3. Teach with Success Criteria
I’ve written about success criteria so many times before. Post the criteria in learner language and point to them during modeling, practice, and feedback. Use them to structure peer review and self-assessment. This is teacher clarity in action, and it’s one of your highest-yield design choices.
4. Comment Like a Coach
Shift from “88%—Nice job” to task/process feedback: “Claim is clear. Next, integrate two pieces of textual evidence and explain the link back to your claim.” OR “Great representation. Now label axes and scale; then describe the trend in one sentence.”
When it comes to results, effective coaches don’t focus on the final score, they focus on what led to the score. That’s information learners can use tomorrow. And the evidence says it’s what moves the needle.

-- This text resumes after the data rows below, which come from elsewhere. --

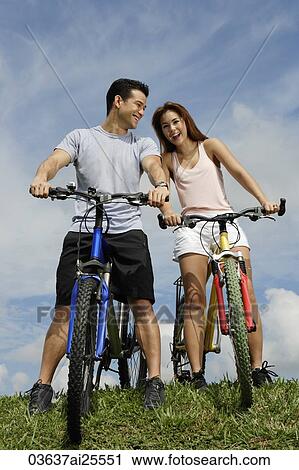 Couple on bicycles View Large Photo Image Stock Image - Couple on bicycles. Fotosearch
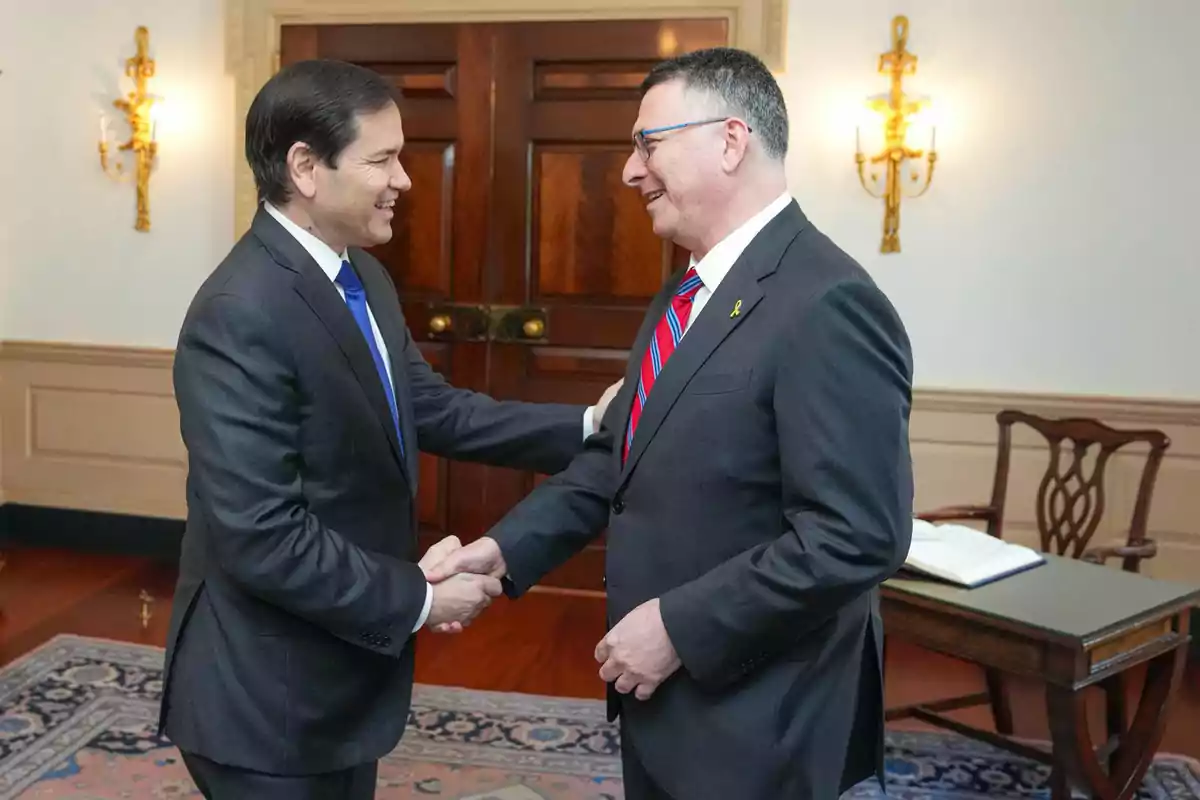 Two men in suits greet each other with a handshake in an elegant office. Two men in suits greet each other with a handshake in an elegant office.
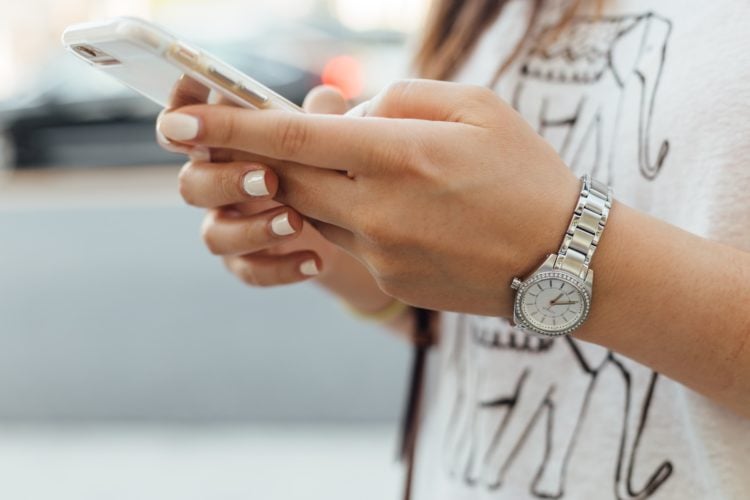 close up of woman holding iPhone during daytime. She has white painted nails, a silver watch and a white tshirt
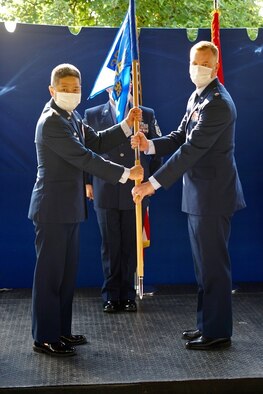 Photo of two Airmen passing a guidon.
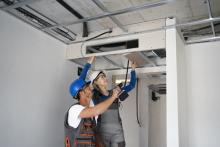 Man fixing a lift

So… What Does an 86% Mean?
On its own? Almost nothing. As part of a living, breathing feedback system? It can mean we have work to do: tightening clarity, improving tasks, dialing up the formative checks, designing space for error analysis and revision. Grades should inform the adults about our design decisions and inform learners about their next moves. If a mark can’t do both, it’s not feedback; it’s a full stop.
Let’s build classrooms where every learner can answer the three magic questions: What am I learning? Why am I learning it? How will I know I’ve learned it? And let’s make sure that our gradebooks don’t just keep score, but that they keep the learning going.